Summer Cinema: ‘Spider-man’

Jared Sterzer

I must admit I was pretty skeptical when I went to watch “Spider-man.” First of all, no one has really made a decent super hero movie since Tim Burton’s first round with Batman. Second, I have never been impressed with Toby Maguire’s soft-spoken, if you ignore me I’ll get an Oscar acting style. Maybe that was why I was so pleasantly surprised.

Plotwise “Spider-man” was nothing new for a super hero flick. It went something like this: Boy likes girl. Girl ignores boy. Boy gets super powers. Boy loses something dear to him. Boy fights crime. Boy saves girl. Girl loves super hero, not boy. Bad guy fights boy. Bad guy steals girl. Boy must save the girl, save the world and defeat bad guy.

Usually these comic book turned movie stories lose everything but the above plot. “Spider-man,” however, caught the humanity of the comic books that gave birth to so many faithful fans. Sure it is the story of a man with superhuman powers who goes about protecting the city and the life of the woman he loves, but it is also the story of a reluctant hero – one who tries hard to do the right thing but ends up screwing his life up ever more in the process.

As Peter Parker (Spider-man) says himself, with great power comes great responsibility. Happiness is optional.

Parker is a high school senior who when bitten by a radioactive spider inherits web-slinging abilities along with a danger sense and wall climbing powers. He is an outcast no one notices except to pick on. He wonders why he was given this gift/curse. He is unsure and afraid.

Maguire did a wonderful job of helping us relate to Parker’s naïve sensibility and self-discovery. He didn’t have the body of a super hero, but hey, a padded suit does wonders for a man’s ego.

Willem Dafoe played Norman Osborne, a scientist who experiments on himself provide him with an alter ego, the Green Goblin. Goblin is a maniacal, high-flying, bomb-flinging wacko bent on revenge, and Dafoe shows us once again just how many maniacal expressions the human face can be contorted into.

Kirsten Dunst plays Mary Jane Watson, Parker’s love interest with a depth and maturity that has been seriously lacking in the majority of her recent films. Once again we see the glimmer of the real actress that was so visible in “Interview With the Vampire” and “Little Women.”

Her and Maguire have quite the connection on screen, and most of the people leaving the theater after the film were either talking about the high-flying special effects or that upside-down make out scene.
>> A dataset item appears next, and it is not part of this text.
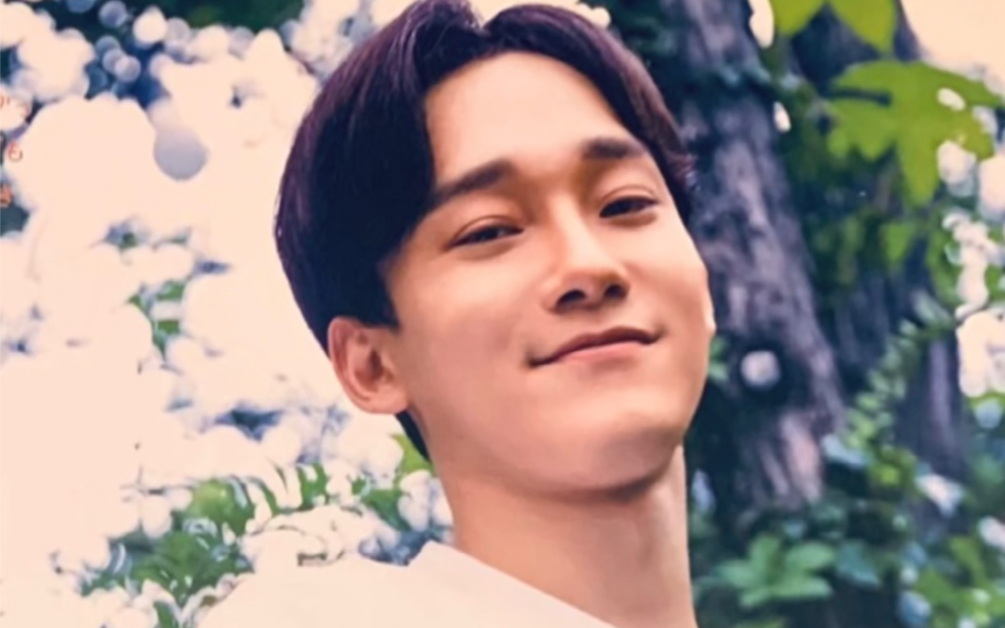 [图]【金钟大】EXO-L Japan Magazine CHEN'S ONE SUMMER DAY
Director Sam Raimi played the cameras like ants, crawling this way and that, exposing the audience to one funky angle after another. The thing is, it did nothing but help the movie. Spider-man’s trip up buildings and through streets was more enjoyable and dizzying that way.

“Spider-man” has upped the ante for the super hero genre. It has opened the door for “Hulk” and “X-men 2” coming next year. It’s humanity will always be its strong point, and that will keep people coming back. Because whether we want to admit it or not, we can all relate to Peter Parker in one way or another.